Why Have US Attempts to Designate the Muslim Brotherhood as a Terrorist Organization Failed?

Numerous attempts have been made by the United States to designate the Muslim Brotherhood a terrorist organisation, but these attempts have failed. Most recently, the Trump Administration, after consultations with both its national security team and leaders in the region and concluding that the Muslim Brotherhood was a gateway to jihadism, was still unable to designate it. Under such designation, companies and individuals would have been banned from providing any form of material support for, or resources to Muslim Brotherhood officials, such as financial services, weapons or logistics. But it was unclear whether the Trump Administration’s designation would apply only to the Egyptian Muslim Brotherhood, or to the various Islamist movements across the world that are informally referred to as the Muslim Brotherhood.[i]

Several expert reports make the case for the Muslim Brotherhood to be designated a terrorist organisation, some of which have been widely publicised while others have been vehemently opposed to which has blurred lines, sowed confusion and resulted in being unable to definitively decide on the contours of the terrorist and extremist ideologies of the Muslim Brotherhood. There are numerous reasons for this failure notably: the Orwellian, double-speak discourse about the Muslim Brotherhood in Arabic and in European languages (re: English, French) and the polarisation of both the media and the public debate.

This work seeks to bring clarity back to the debate by showcasing the failed attempts at designation, exploring the opposing claims to the debate and how to remedy the various misrepresentations of political Islam, namely the Muslim Brotherhood, in the US media.

Lack of Consensus

The lack of consensus, or bipartisan agreement, in the US related to political Islam and the Muslim Brotherhood, contributed to the further polarisation of political parties. Tensions are further inflamed by the fact that the Democratic and Republican Parties, and their related media outlets, promote conflicting positions—a fact reflected in the most recent US election.

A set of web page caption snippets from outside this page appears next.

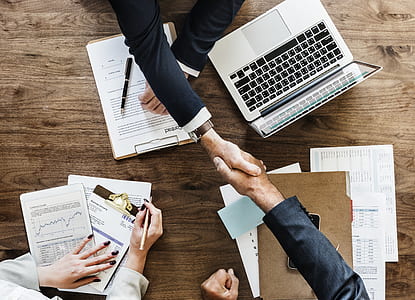 two men hand shaking photo thumbnail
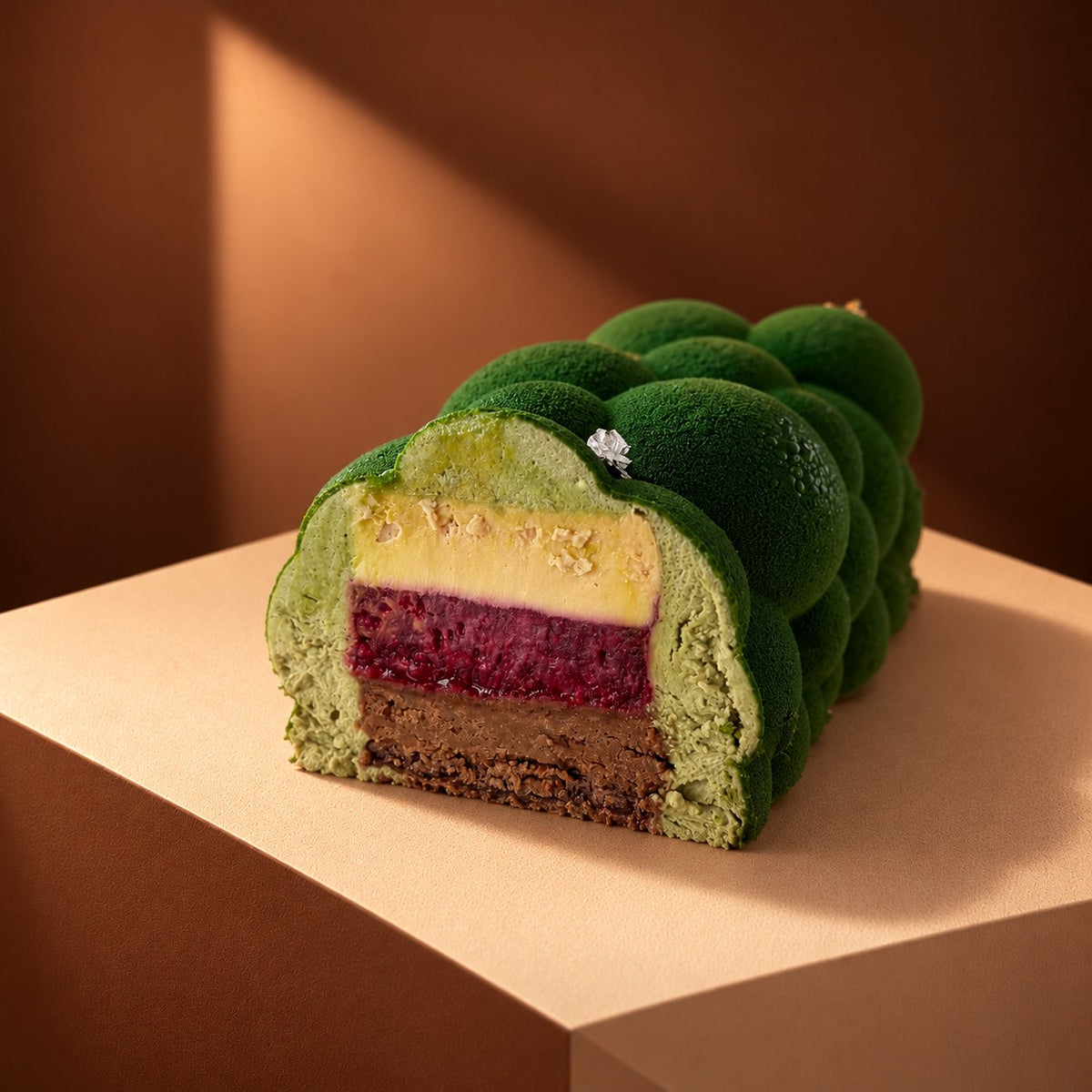 Przekrój Bûche de Noël - mus pistacjowy, insert malinowy i piernikowy biszkopt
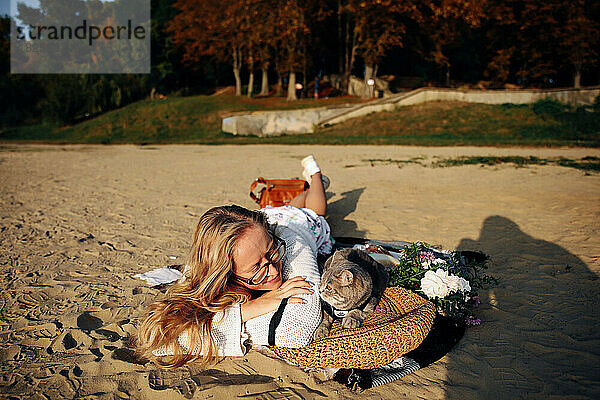 Blonde Frau mit einem Kätzchen am Strand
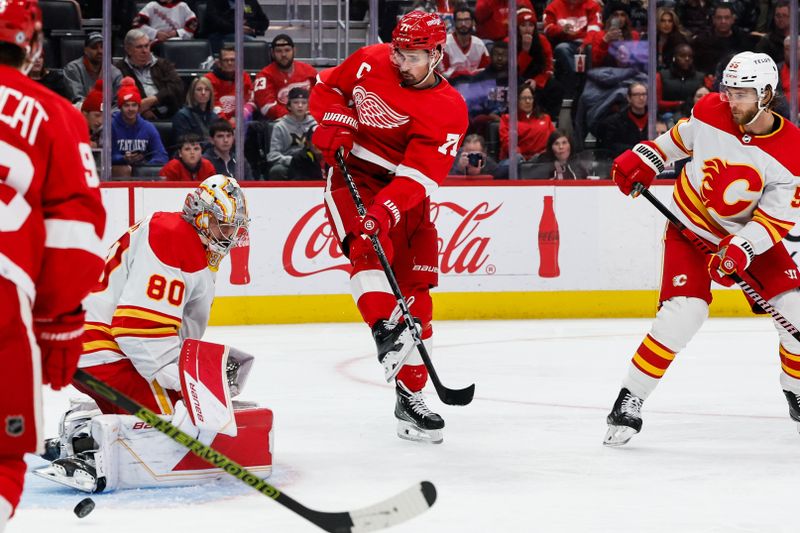 Oct 22, 2023; Detroit, Michigan, USA;  Calgary Flames goaltender Dan Vladar (80) makes the save on Detroit Red Wings center Dylan Larkin (71) in the second period at Little Caesars Arena. Mandatory Credit: Rick Osentoski-USA TODAY Sports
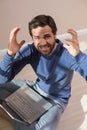 Strssed man sitting on floor using laptop Royalty Free Stock Photo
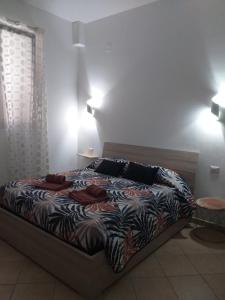 a bedroom with a bed with a comforter on it at Affittacamere da Arianna in Porto Torres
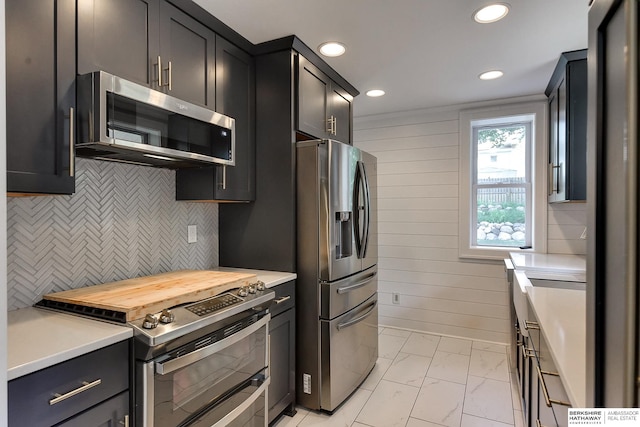 kitchen featuring stainless steel appliances, decorative backsplash, and light tile patterned floors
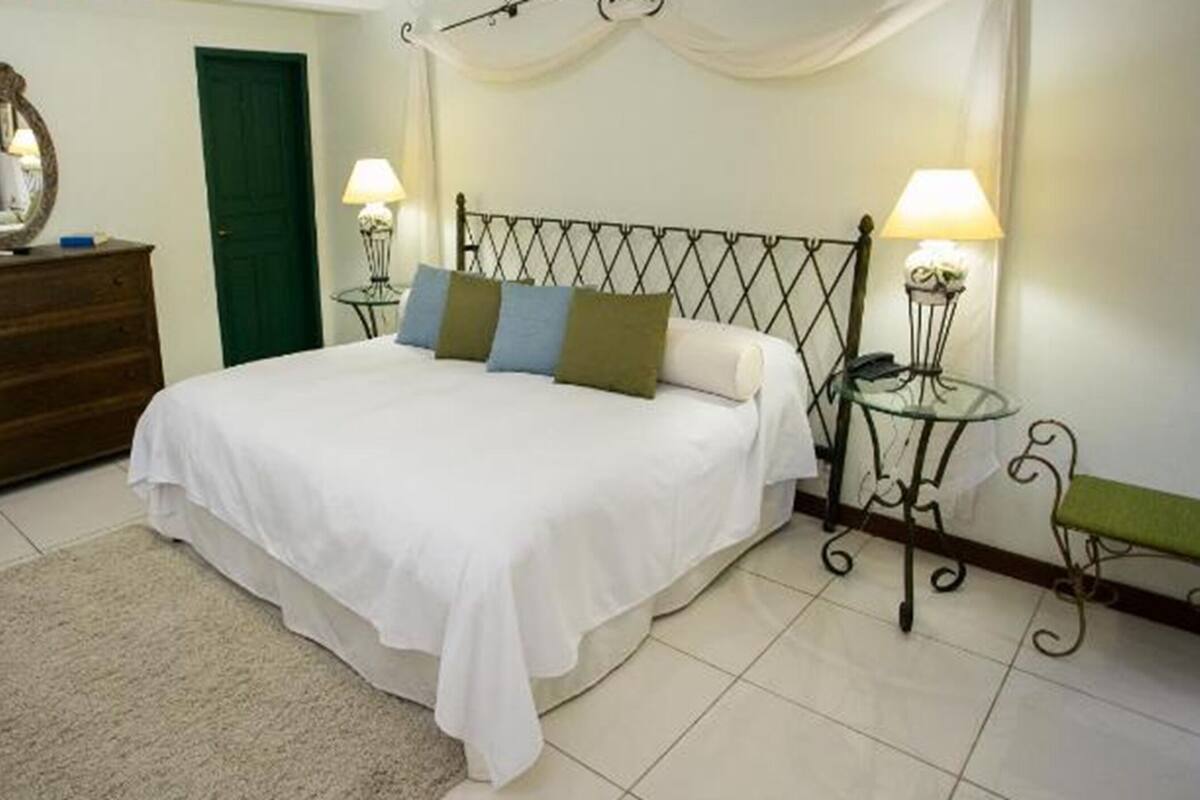Un dormitorio con cama, lámparas de noche, cómoda, espejo y una puerta verde.
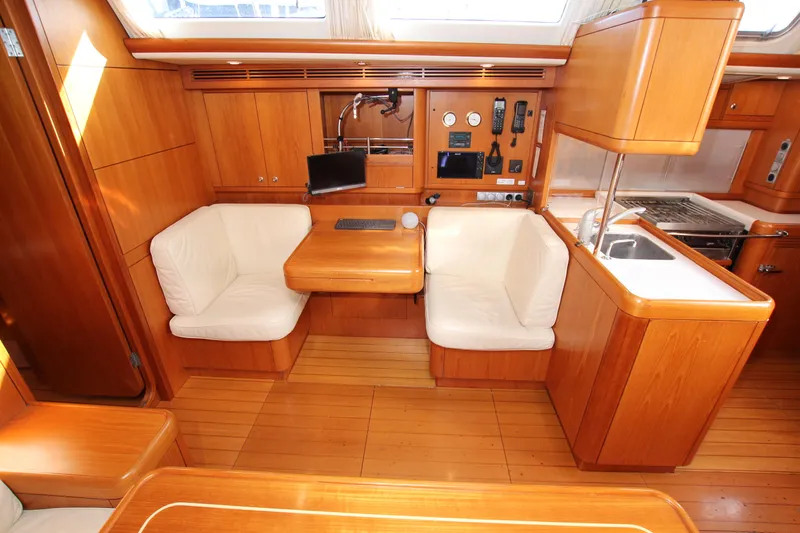 Slide: The Image of Interior of 2006 Nautor Swan 46mkIII yacht with wooden finish and white seating. - 13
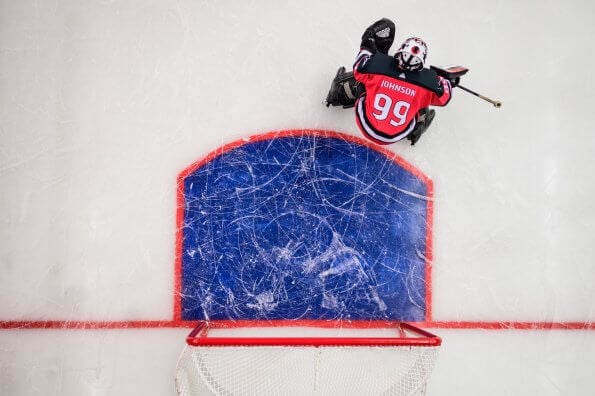 A hockey goalie waits in the net on the ice in an indoor rink.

If there was bipartisan agreement on critical matters pertaining to the stability and security of the region, and the role played by political Islam, the Middle East would not have been so concerned with the outcome of the election.

While it is important to note that support for, or opposition to, the Muslim Brotherhood cannot be neatly packaged into Democratic or Republican discourses the last election saw a more charged debate along such lines. Indeed, many movements supportive of political Islam backed Joe Biden’s campaign in the hope of a return to an Obama-Biden acceptance of the Brotherhood during the protests known as the Arab Spring, which helped its rise to power in several Arab countries—led by Egypt and Tunisia. Amr Farouk, a researcher on terrorist groups and political Islam, indicated that Brotherhood mediators in the United States have arranged a meeting for next March between the Egyptian Brotherhood leaders in exile abroad and representatives of the Democratic Party as well as figures from Congress affiliated with the Biden Administration. Former President Barack Obama will also be included in these forthcoming deliberations between Brotherhood leaders and the new administration. This meeting will discuss the status of the organisation in Egypt, while presenting recently-compiled files that attack the Egyptian state and its institutions.[ii] At the same time, the Muslim Brotherhood was emphatically opposed to Trump’s re-election largely because Trump sought to designate them as a terrorist organisation.[iii]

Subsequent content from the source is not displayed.